## What the exercise asks
Copy exactly the lines of the data below, beginning with the line with "Pegatina Redonda Cafeinada" and ending with the line with "Long Sleeve Two". Pictures are to be omitted.

## Material provided
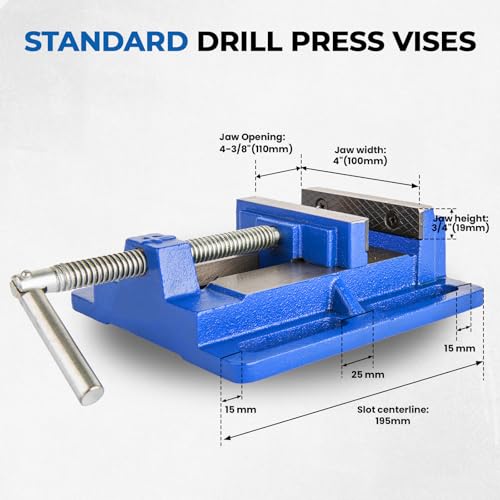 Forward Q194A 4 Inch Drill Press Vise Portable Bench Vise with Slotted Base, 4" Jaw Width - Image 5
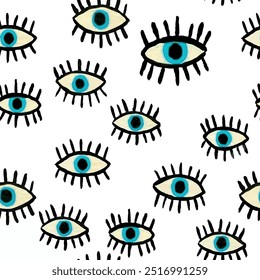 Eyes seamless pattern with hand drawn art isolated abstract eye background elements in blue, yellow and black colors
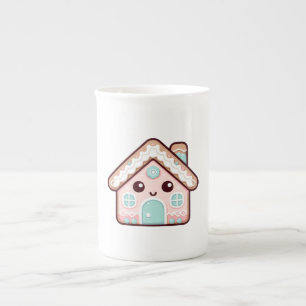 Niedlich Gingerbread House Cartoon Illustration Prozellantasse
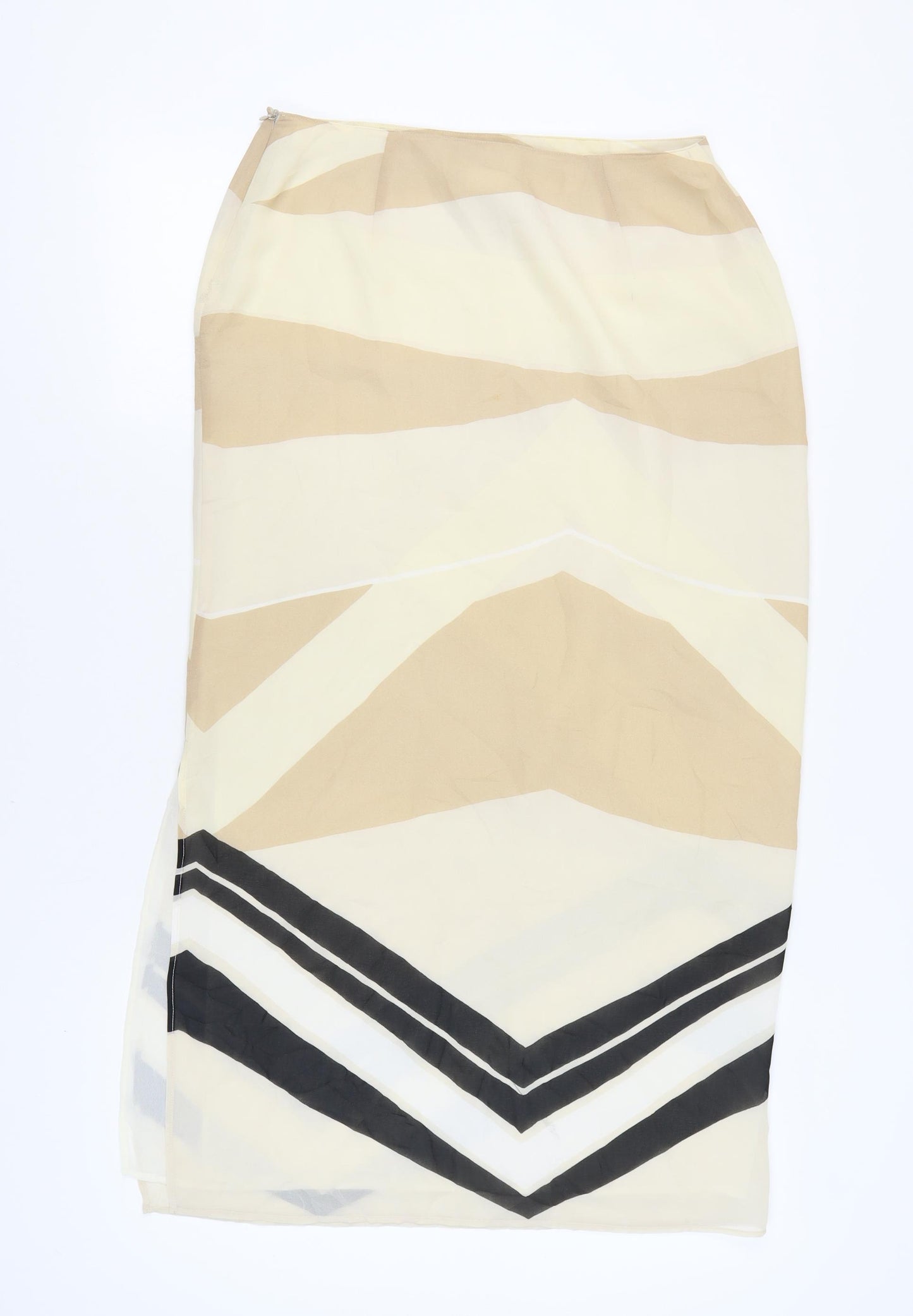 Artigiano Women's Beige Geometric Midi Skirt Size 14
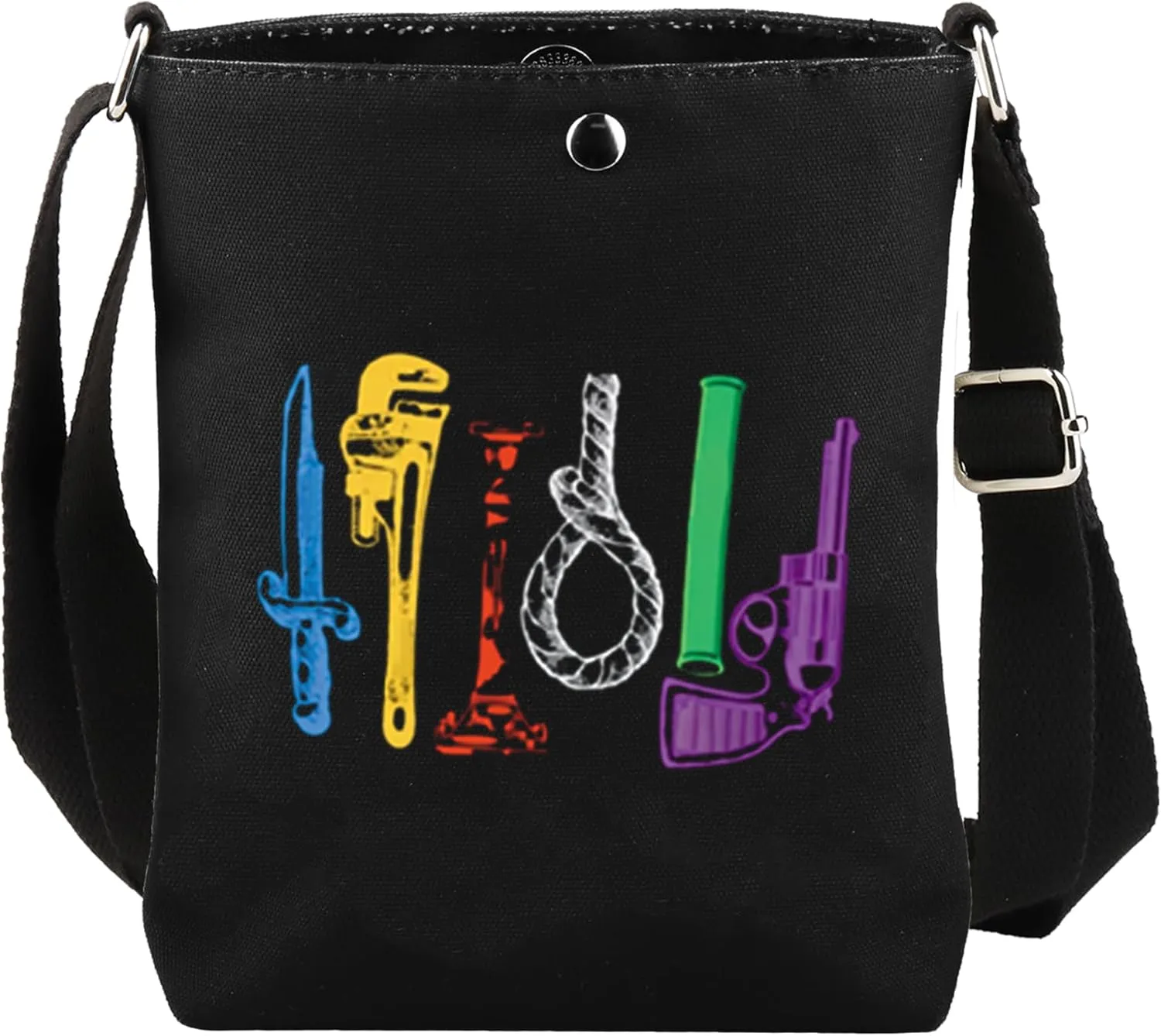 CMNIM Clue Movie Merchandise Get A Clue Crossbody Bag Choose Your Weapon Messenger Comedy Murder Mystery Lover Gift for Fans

* * *

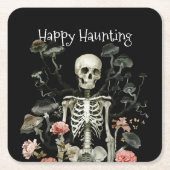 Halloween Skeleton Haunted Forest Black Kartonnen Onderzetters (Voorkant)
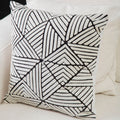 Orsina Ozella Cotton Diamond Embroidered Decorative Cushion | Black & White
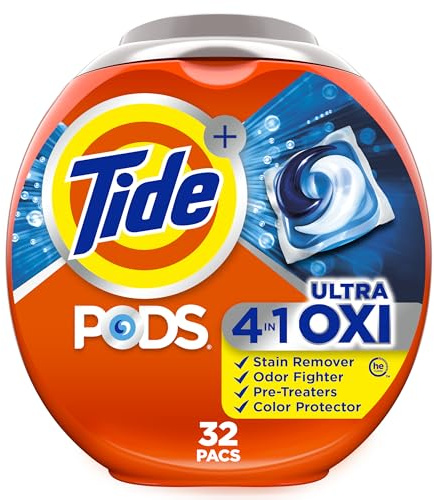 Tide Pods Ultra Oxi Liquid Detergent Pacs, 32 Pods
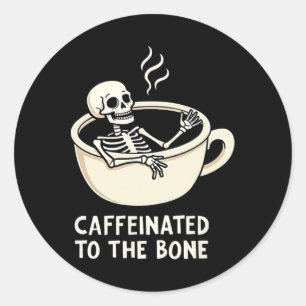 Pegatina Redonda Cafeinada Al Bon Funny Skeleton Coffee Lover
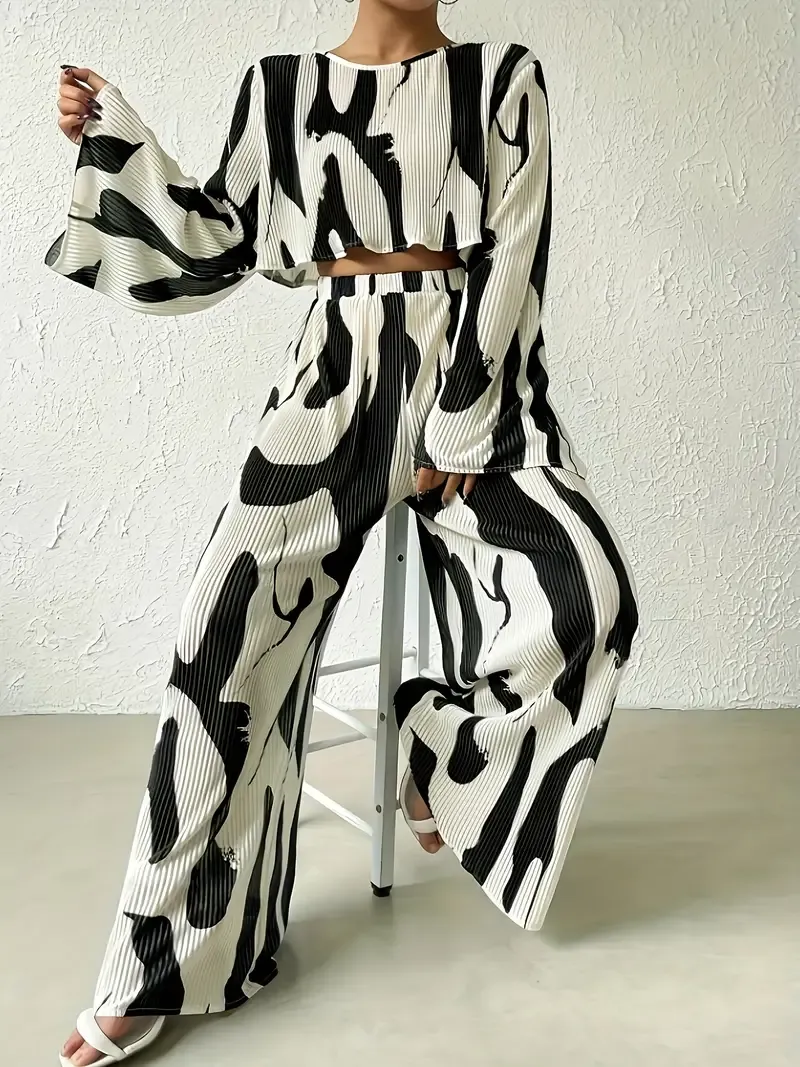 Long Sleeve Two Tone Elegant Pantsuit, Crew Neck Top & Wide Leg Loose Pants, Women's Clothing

==

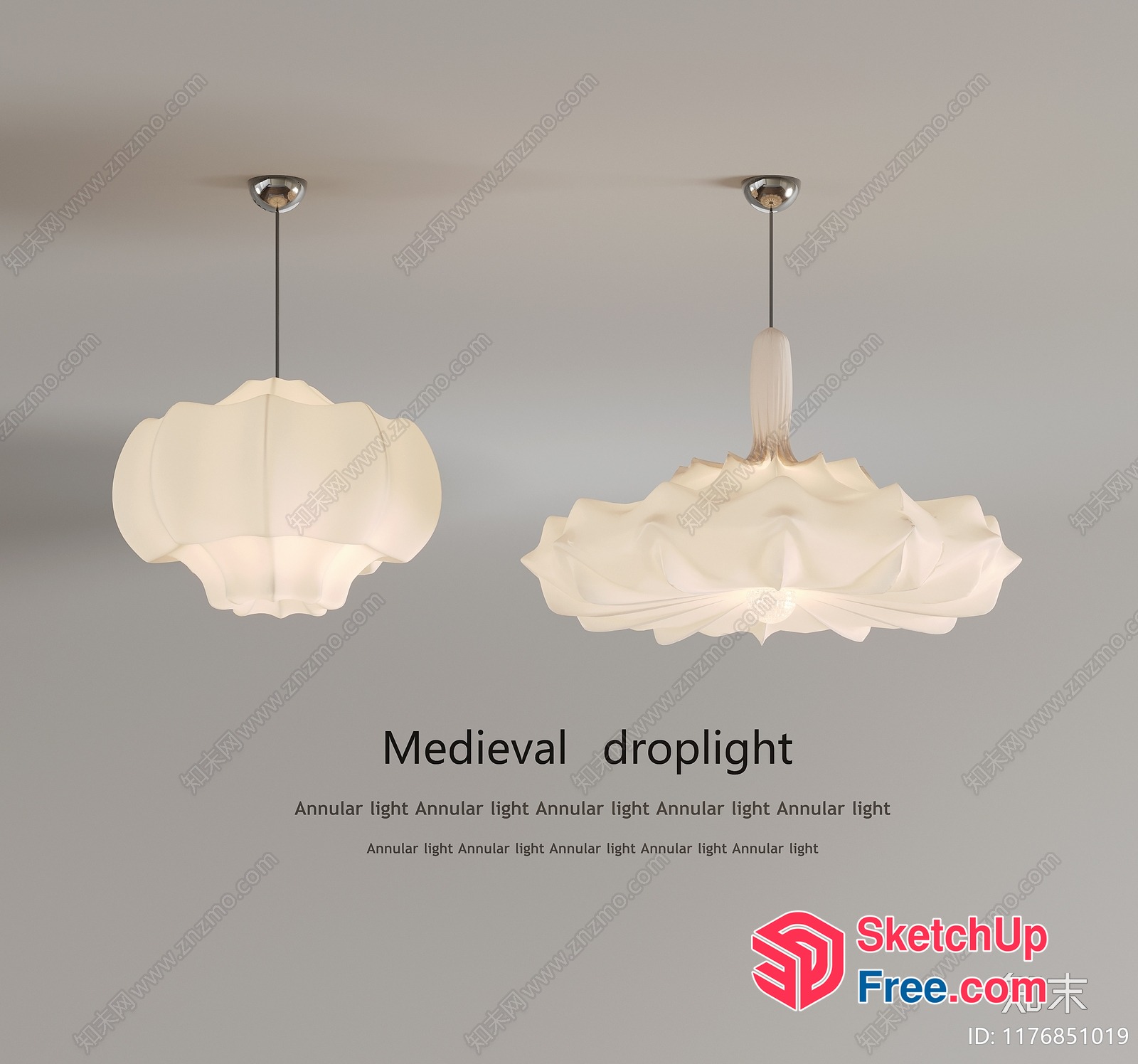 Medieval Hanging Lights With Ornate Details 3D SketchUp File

## Exercise output
 Pegatina Redonda Cafeinada Al Bon Funny Skeleton Coffee Lover
 Long Sleeve Two Tone Elegant Pantsuit, Crew Neck Top & Wide Leg Loose Pants, Women's Clothing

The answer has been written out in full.